三千多人齐声喊着同一个名字,声浪几乎要掀翻屋顶。
我转头看向我妈。
她坐在座位上,眼泪哗哗地流......但她笑得比我见过任何时候都开心。
我咧嘴笑了,把枪往肩上一扛,仰头看着体育馆穹顶上刺眼的灯光。
那一刻我就知道......
“我的豪杰时刻,终于来了。”
“我日思夜想的豪杰时刻,终于来了。”
“厉飞宇大人,您看见了吗?”
“您的后继者,今天,在这里,迈出了第一步!”
赛后,天北武道协会的章天会长亲自找到了我。
那老头儿蹲在我面前,上上下下打量了我半天,那眼神像是在看一只从石头里蹦出来的猴子。

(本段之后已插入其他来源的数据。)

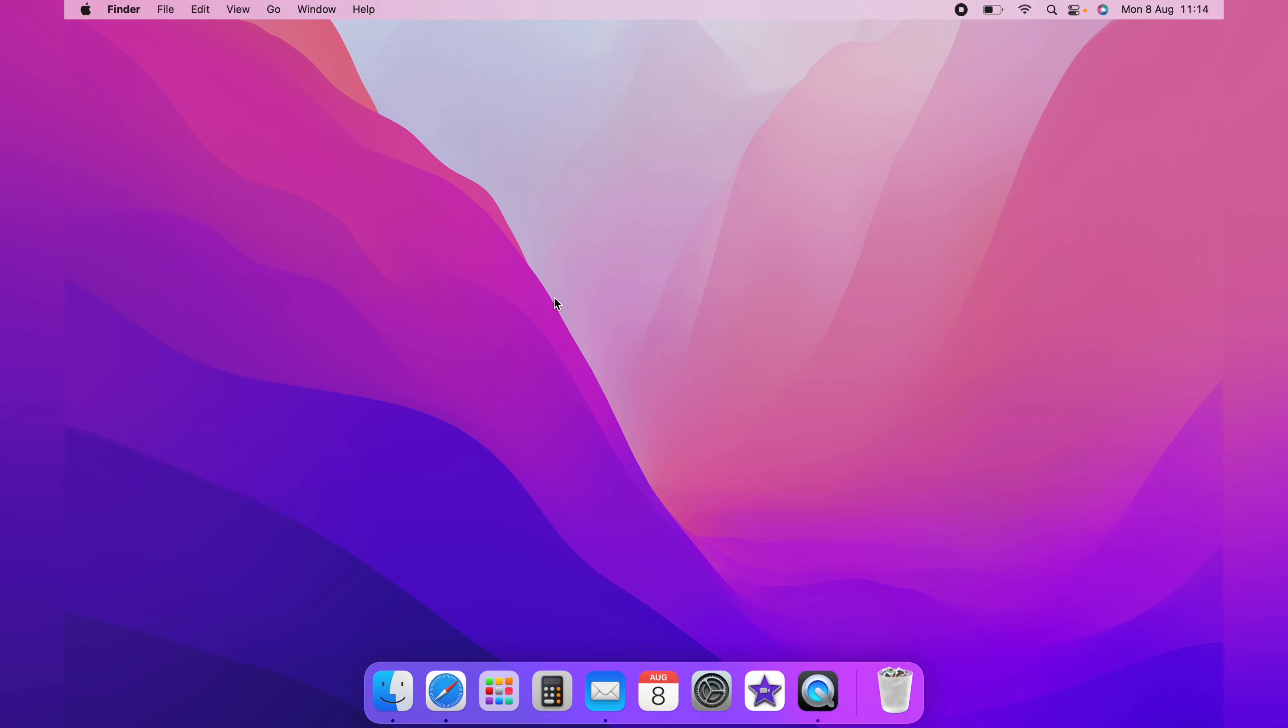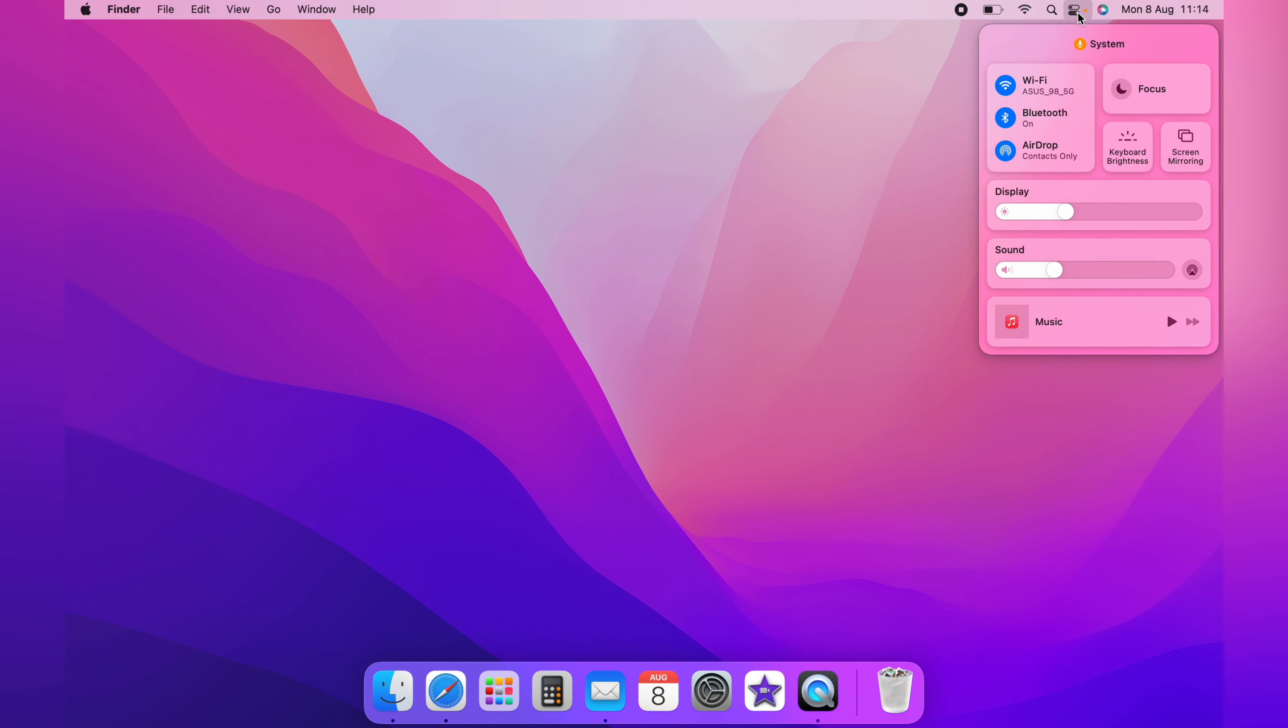In this video, I'm going to show you how to get back the missing volume icon on the menu bar in the Mac. You do have the option here in the control center to adjust your volume.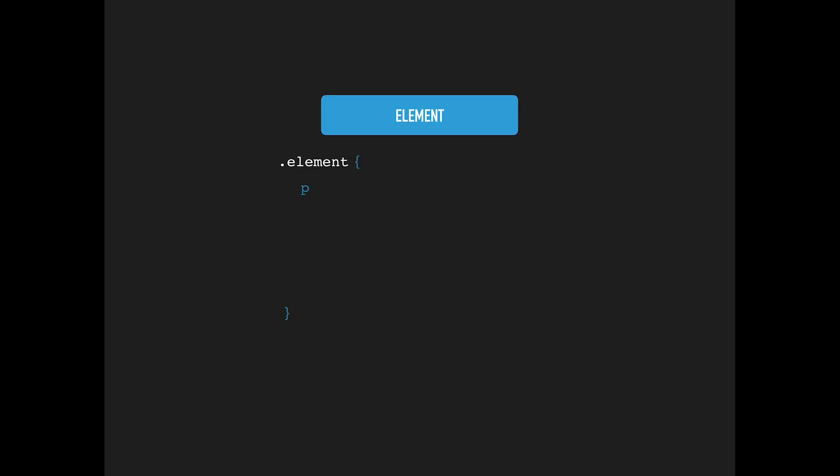It comes with five value options: static, relative, absolute, fixed, and sticky, with static being the default and sticky a new member of the family.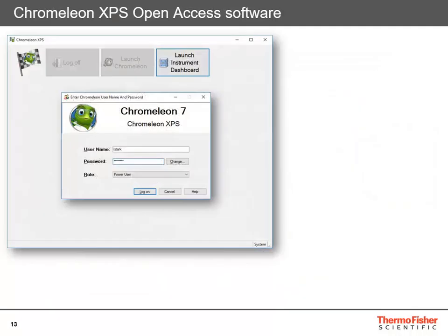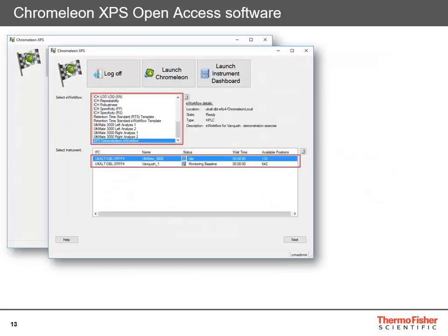When you open Chromelion Express, it's a separate application. You log in with your normal Chromelion user ID and your roles are specified. It then presents you with a list of e-workflows available based on your login. When you select the e-workflow for the analysis you want to run, it displays in the bottom box the instruments available for that analysis, giving you the instrument status — whether it's running, monitoring, or idle — the wait time before it's available, and the number of injection positions available in the autosampler.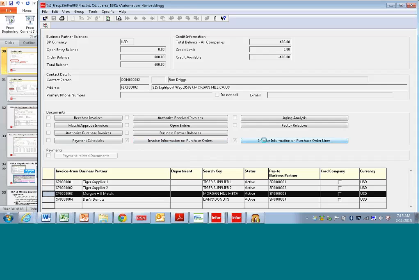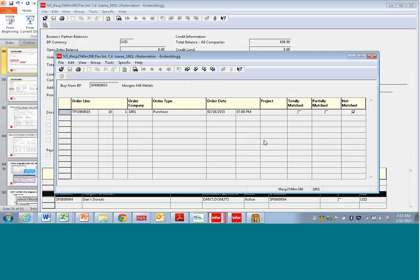So if I click on invoice information about purchase order lines, you can see all of the purchase orders that are for that business partner that are waiting to be invoiced.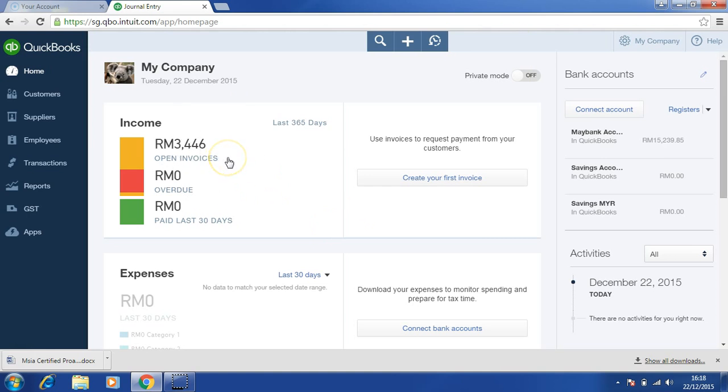This concludes the section on how to enter the opening balance. Thank you.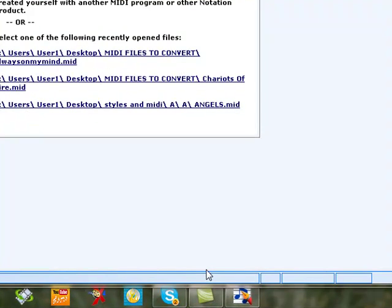This is a program called Notation Composer. This program is downloadable from the internet on a free trial, so if you follow this, you can download it and have a go for your songs.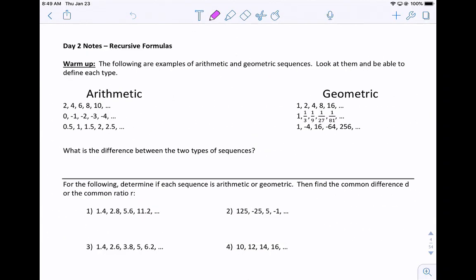Today we're going to look at recursive formulas. For the warm-up, the following are examples of arithmetic and geometric sequences. Look at them and be able to define each type.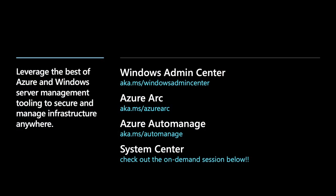Well, if folks want to get wacky and start learning more about these Azure services and capabilities in action, we've put together some resources for Windows Admin Center, Azure Auto Manage, and Azure Arc, as well as System Center with the on-demand session below. Thank you.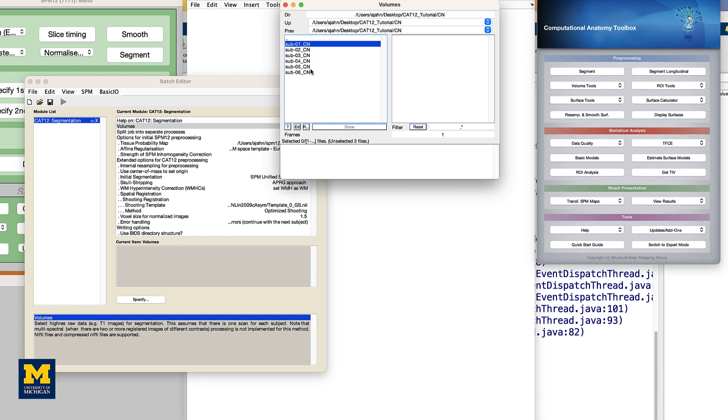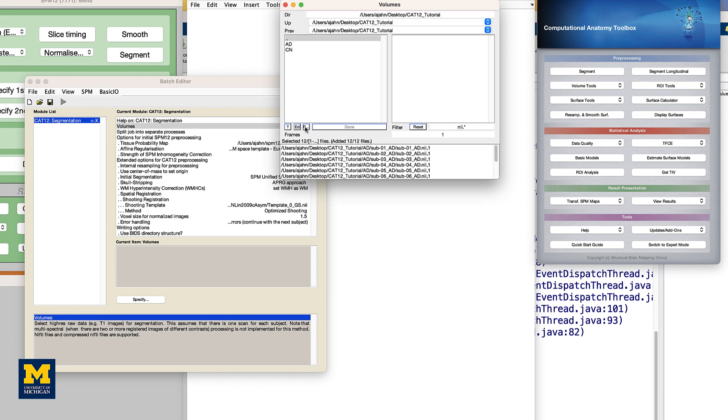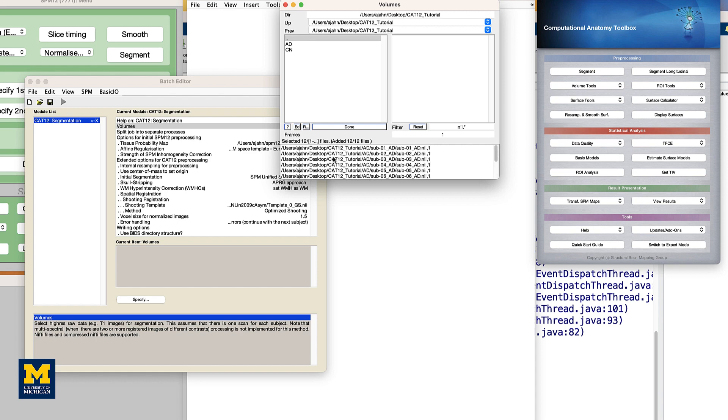Go back to the directory containing both the AD and CN folders, and then in the filter field, type NII. Click the REC or recursive button over here, which will recursively locate all files that end in .NII. Then click the Done button.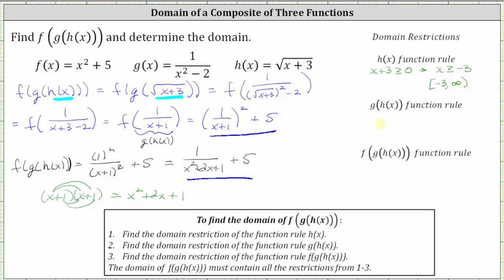And now we need to find the domain restriction for the function rule g of h of x. Remember, g of h of x is the composition of the two innermost functions, which we found as one divided by the quantity x plus one. And since division by zero is undefined, x plus one can't be zero. Solving for x, we get x can't equal negative one. Using interval notation, this would be the open interval from negative infinity to negative one union the open interval from negative one to infinity.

最后他说了一句话:“你小子,你的枪法是不是从《龙枪豪杰物语》里学的?”
我一愣,瞳孔骤然收缩。
“你怎么知道?!”
“难道……您也是……同道中人?!”
他哈哈大笑,一巴掌拍在我肩膀上,差点把我拍趴下:
“因为那里面的枪招,就是照着那位在长城上武道真丹的王卫统领、有着‘龙枪’武号的厉飞宇的‘天罡三十六枪’改编的。”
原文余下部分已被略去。